For people who are exclusively SC or TC users, the mixed version can be mildly annoying to completely revolting. Each person has different tolerance level. I can read TC, but can't edit in TC, since I don't know how to get my computer to take Pinyin and output TC. A person who is well versed in both to the degree to edit articles in both is extremely rare.
This is a constant debate on Chinese wiki, and the most recent decision is to reduce duplicate articles in Chinese wiki where the tranditional and simplified version differs in charset only. Pages that does not already have two versions does not get one created. Instead, both charset goes on one page. For Chinese wiki, this is a possible though imperfect solution since the two versions came from the same language source.
This is for the convience of the editors to not having to type in the same thing twice, also for the readers to get the most complete information currently available on wiki. It is voted in by the editors, as only the editors vote, like any other voting pages on wiki.

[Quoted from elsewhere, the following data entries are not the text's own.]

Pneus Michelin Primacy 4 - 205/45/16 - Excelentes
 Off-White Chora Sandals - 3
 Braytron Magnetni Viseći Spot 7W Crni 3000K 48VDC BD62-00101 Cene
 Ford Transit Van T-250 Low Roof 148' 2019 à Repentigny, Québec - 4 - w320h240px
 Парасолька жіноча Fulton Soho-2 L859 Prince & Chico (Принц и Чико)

Hence the ch-tw split which is a split for both, UI and articles. What is being opposed by a lot of people is the complete split for articles. It's a headache for editors but also a dis-service to a lot of readers. Most Chinese readers would rather get a non-preferred version of TC or SC article, rather than not getting anything at all. Interwiki links between the versions only work if there is a corresponding article. Redirects does not bring you to the other wiki, but can be used to redirect between TC/SC on the same wiki.
-Vina
-----Original Message-----
From: Stirling Newberry <stirling.newberry(a)xigenics.net>
To: wikipedia-l(a)Wikimedia.org
Date: Sat, 11 Sep 2004 12:35:11 -0400
Subject: Re: [Wikipedia-l] Re: One Chinese Wikipedia
On Sep 11, 2004, at 12:25 PM, yuanml wrote:
> let us sum up basic fact, pro and con we had discussed in a NPOV
> manner.
>
> ==basic fact==
> *The same language: Chinese.
> *Two writing systems: TC & SC.
> *Chinese Wikipedia now mix TC and SC together.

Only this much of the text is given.